I think you have it backwards - if you use common rail, that's when you want to use optoisolated boosters for DCC, if you don't use common rail wiring there's no reason for the boosters to be isolated.
I may be mistaken but common rail wiring with multiple ground points are not the only source for floating grounds or reverse currents. Subtle variations between track sectioms might be enough to send a small voltage surge signal from one district booster to another when crossing the gaps. If essense your train acts as a bridge to turn your two seperate sections of track as one long section between two boosters. This can cause a back feed which a booster breaker would not trip. They either break based on total power (Watts) or just one leg going over current (usually the + output) to save money.An H-Bridge output might not handle this reverse buck current well. And I've seen a number of boosters from another manufacture go up in smoke and I suspect this was the reason.
Techincally speaking fine adjusting the output voltage at the gap points is supposed to handle this. But theory and practice don't always work so well when you're dealing with over a couple thousand feet of wiring. I've seen voltages at district gaps as much as 2+ Volts.
Don - Specializing in layout DC->DCC conversions
Modeling C&O transition era and steel industries There's Nothing Like Big Steam!
Being in the same boat as you regarding DC before DCC. Some told me that the wiring is easier with DCC over DC. DC seems a bit more reliabile since you don't have the potential for lost power between blocks.
I find that DC is perfect for me since I know nearly nothing about wiring and want to save money. One of the most frustrating things for trains is wasting money on way too cmplex things.
The Atlas books are definitely a good way to get started, but there are also generic wiring books that cover doing it all with standard switches instead of the Atlas products. The only problem with the Atlas products is that their multi-cab wiring is all common rail. There is also a ton of information in the internet you can access for free.

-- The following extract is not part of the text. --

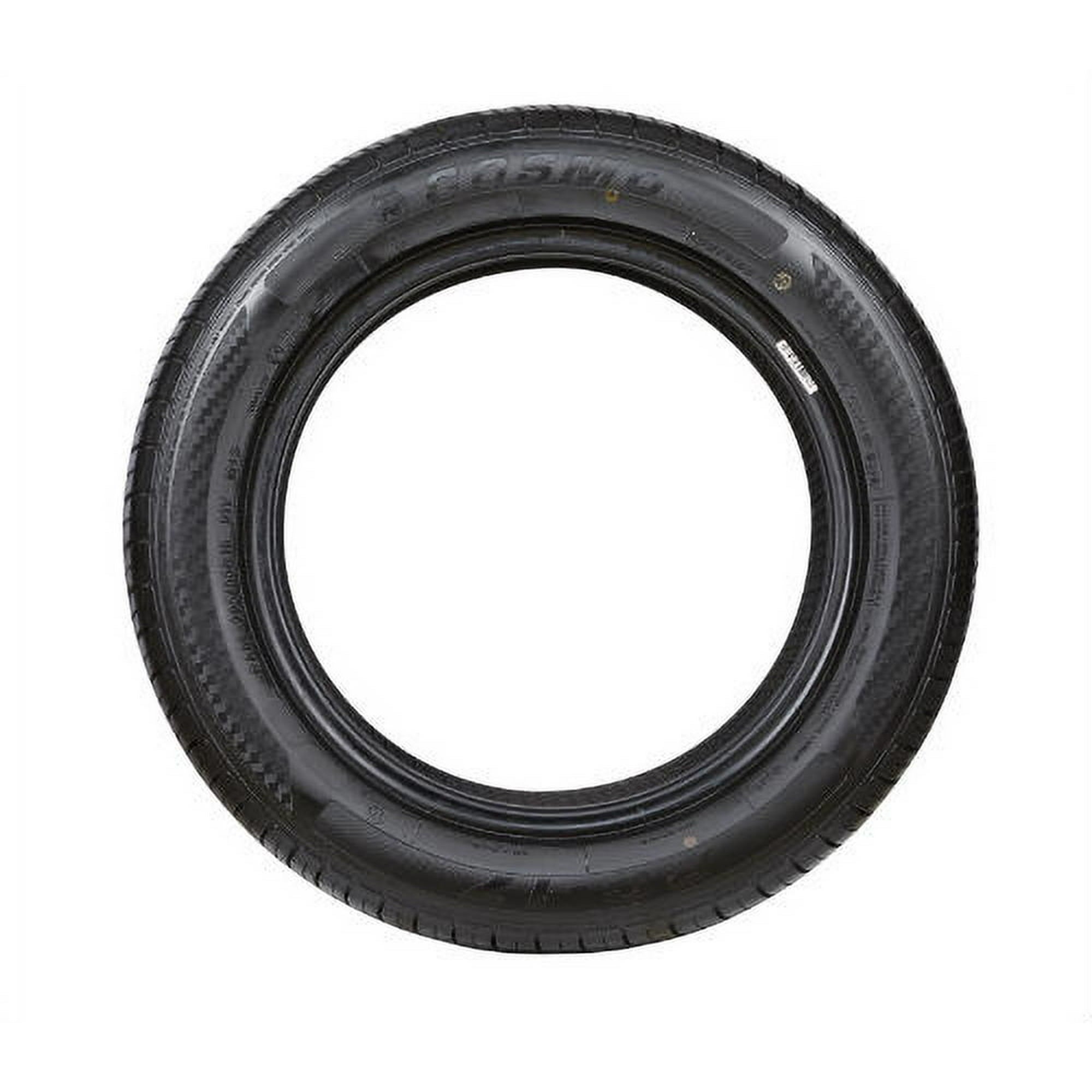 Cosmo RC-17 All Season P215/55R17 94W Passenger Tire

You can start with DCC for not much more than the cost of a decent power pack. Any of the decent starter sets will allow full upgrades later without throwing out or having to sell off surplus equipment - that applies to systems like Digitrax, NCE, and tos ome extend MRC. They have low cost starter systems that later expand to have every bell and whistle.
I'm going to be slightly different here.
!2+ years ago I started my home layout. Isaid a youngster about DCC and he said he didn't understand it. He is a nuclear power plant maintenance tech. He uses DCC now.
I went block control, three cab (power pack) control, with wireless throttles so that I could have multi person, walk around operations. The throttles, power packs, rotary switches, etc cost at least $1000.00 Canadian.
I would suggest setting up to run one train at a time in DC.
If I was to convert to DCC my power packs and throttles would sell for one quarter to one half of what I paid. Starting out you don't want this to happen. Being retired, I don't either.
I hope I do not sound negative, only telling you my thoughts, which may not be worth the time to read, or might be.
Dave
Hello all,
Having done the exact same thing as you are doing, here are a few things that I found helpful.
I began with the book from atlas "The Complete Atlas Wiring Book." Some will say that this is nothing more than an advertising catalog for Atlas products; which it is, but it's also much more.
Yes, it does list the Atlas products and their intended usage but it also gives the schematics for the items, incase you have the penchant to fabricate your own.
It also talks about basic DC principles; which way is "forward," what is dual- or mulit-cab control, how to wire a reversing section, a Wye, block wiring, a turntable and what is common rail power.
At $8.95 I found it a valuable resource guide for wiring a DC block pike.
Other things to consider:
•Wiring your DC layout in blocks will definitely help when converting to DCC. In DC the blocks help you control the movement of trains, in DCC these become "power districts" with feeders off the bus for more reliable running.
•On my DC pike I wired all the turnouts with DC control; momentary switches separated into two blocks controlled by separate Capacitor Discharge Units. When I converted to DCC I kept all my turnouts DC.
•Having an understanding of basic electronics always helps. Being a former electrician most of these were not new concepts, but puting them in the context of model railroading, that experience definitely helped.
•If you don't find it helpful you're only out less than $10.00!
Hope this helps.
"Uhh...I didn’t know it was 'impossible' I just made it work...sorry"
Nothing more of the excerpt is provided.